▸ Instructions to follow:
Collect every line below that contains the word "Hotel".

:::

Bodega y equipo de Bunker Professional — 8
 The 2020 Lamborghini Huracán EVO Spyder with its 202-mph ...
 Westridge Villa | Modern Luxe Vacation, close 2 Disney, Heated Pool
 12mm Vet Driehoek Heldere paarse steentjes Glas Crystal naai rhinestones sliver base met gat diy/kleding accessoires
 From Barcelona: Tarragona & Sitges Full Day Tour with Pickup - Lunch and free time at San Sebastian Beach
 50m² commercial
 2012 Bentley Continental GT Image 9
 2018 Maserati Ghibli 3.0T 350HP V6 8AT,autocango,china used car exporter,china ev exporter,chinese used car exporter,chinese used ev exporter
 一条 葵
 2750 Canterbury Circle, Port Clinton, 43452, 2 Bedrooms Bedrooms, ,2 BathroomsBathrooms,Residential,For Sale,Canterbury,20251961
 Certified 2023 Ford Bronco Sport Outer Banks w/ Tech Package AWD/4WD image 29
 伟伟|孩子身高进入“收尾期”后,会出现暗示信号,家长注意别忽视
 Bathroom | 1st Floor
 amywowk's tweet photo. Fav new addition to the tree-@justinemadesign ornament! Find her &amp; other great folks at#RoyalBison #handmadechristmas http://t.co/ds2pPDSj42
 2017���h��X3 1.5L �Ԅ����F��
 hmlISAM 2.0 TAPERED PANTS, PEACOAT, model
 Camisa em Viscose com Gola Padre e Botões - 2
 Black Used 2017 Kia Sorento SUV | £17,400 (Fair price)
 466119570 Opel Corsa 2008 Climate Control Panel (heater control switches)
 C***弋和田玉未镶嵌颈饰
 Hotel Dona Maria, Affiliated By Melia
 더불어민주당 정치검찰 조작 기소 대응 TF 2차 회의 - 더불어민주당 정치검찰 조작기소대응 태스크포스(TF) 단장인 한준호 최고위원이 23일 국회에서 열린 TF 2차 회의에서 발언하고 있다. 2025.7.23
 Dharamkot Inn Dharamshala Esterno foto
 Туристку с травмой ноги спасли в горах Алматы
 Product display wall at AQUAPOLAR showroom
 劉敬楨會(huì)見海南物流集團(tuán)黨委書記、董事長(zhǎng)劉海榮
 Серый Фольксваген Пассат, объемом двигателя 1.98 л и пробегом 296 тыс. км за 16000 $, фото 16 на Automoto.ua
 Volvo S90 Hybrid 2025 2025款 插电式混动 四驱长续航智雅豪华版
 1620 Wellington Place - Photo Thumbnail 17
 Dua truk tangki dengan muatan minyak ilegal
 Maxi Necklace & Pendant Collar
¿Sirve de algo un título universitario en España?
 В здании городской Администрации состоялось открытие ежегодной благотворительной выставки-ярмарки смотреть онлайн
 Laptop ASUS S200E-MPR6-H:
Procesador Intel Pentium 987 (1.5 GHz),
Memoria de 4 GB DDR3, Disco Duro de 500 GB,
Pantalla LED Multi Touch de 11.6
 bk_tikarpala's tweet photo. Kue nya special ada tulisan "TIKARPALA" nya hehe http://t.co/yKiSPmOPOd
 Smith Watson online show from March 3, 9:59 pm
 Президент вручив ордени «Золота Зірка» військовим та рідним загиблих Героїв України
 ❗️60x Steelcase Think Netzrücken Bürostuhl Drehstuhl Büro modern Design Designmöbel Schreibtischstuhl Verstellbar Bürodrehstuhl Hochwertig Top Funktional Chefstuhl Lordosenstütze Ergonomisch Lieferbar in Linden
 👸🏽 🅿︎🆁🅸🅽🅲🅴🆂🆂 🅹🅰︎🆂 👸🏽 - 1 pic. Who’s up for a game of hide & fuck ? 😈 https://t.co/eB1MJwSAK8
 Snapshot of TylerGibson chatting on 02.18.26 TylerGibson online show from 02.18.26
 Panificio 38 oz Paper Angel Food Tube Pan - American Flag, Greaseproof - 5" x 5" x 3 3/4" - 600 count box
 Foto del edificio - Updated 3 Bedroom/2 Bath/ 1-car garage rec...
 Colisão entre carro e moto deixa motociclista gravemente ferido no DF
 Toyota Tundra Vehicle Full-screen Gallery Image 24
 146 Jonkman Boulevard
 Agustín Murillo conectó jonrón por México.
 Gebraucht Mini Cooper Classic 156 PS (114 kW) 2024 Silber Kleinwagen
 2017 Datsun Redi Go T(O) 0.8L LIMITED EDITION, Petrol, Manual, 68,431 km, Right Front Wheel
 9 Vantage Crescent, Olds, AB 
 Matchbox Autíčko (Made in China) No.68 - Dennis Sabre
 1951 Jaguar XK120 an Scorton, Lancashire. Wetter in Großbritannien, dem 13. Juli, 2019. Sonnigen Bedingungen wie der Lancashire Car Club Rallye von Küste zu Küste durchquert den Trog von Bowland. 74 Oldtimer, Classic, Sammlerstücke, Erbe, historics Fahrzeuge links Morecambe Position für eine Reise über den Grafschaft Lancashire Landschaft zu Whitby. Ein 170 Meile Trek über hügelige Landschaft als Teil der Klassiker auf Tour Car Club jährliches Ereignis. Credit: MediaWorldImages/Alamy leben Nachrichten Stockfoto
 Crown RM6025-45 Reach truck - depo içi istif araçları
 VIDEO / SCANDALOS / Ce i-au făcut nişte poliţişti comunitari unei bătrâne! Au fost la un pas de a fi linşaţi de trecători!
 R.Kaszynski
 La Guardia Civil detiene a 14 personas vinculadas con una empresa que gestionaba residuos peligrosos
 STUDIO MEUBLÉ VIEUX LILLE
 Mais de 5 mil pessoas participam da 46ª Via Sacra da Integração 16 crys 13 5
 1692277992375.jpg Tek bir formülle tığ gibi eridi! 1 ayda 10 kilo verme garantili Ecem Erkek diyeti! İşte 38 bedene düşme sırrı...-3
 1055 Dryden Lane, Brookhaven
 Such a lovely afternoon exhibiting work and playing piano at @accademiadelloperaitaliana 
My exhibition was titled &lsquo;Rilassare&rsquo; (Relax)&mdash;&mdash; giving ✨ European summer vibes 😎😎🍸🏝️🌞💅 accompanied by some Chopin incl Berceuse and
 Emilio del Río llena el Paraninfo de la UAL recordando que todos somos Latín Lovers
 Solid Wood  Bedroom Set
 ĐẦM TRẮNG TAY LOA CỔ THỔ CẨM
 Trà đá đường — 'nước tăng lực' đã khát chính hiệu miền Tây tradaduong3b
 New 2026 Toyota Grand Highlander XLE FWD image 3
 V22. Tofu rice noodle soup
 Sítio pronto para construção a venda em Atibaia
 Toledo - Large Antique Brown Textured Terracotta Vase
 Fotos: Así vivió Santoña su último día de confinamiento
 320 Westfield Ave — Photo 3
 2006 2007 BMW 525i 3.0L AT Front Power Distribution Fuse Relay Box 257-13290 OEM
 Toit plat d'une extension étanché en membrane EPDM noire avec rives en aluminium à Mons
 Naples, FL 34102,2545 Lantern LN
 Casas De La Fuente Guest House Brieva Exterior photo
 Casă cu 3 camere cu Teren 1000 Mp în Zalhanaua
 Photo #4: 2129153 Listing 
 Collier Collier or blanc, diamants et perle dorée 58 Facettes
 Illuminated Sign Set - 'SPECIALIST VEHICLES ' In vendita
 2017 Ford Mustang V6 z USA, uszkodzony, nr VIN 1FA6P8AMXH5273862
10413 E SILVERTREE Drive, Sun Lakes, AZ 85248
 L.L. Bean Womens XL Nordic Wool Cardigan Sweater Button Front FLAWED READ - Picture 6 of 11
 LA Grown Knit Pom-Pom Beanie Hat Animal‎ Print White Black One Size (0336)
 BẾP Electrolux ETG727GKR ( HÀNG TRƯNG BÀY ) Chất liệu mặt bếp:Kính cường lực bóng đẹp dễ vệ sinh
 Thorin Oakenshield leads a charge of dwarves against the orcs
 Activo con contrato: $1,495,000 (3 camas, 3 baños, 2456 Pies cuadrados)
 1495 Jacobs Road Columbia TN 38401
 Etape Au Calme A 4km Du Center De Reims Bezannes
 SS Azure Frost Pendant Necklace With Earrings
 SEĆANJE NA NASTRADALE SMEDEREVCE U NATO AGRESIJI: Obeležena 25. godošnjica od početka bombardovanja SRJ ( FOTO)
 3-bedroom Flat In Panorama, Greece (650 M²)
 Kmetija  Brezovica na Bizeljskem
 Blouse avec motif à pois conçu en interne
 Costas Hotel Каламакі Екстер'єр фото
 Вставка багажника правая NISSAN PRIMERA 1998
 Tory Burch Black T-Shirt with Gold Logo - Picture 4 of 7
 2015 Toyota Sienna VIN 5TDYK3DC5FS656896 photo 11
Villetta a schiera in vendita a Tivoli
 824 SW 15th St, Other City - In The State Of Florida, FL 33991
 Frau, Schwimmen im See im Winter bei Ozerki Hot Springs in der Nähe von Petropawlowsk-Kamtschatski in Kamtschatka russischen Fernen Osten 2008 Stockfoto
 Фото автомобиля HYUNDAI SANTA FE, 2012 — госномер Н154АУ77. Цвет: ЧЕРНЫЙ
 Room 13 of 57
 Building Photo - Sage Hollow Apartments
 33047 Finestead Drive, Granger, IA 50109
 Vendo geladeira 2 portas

:::

▸ Written solution:
 Hotel Dona Maria, Affiliated By Melia
 Costas Hotel Каламакі Екстер'єр фото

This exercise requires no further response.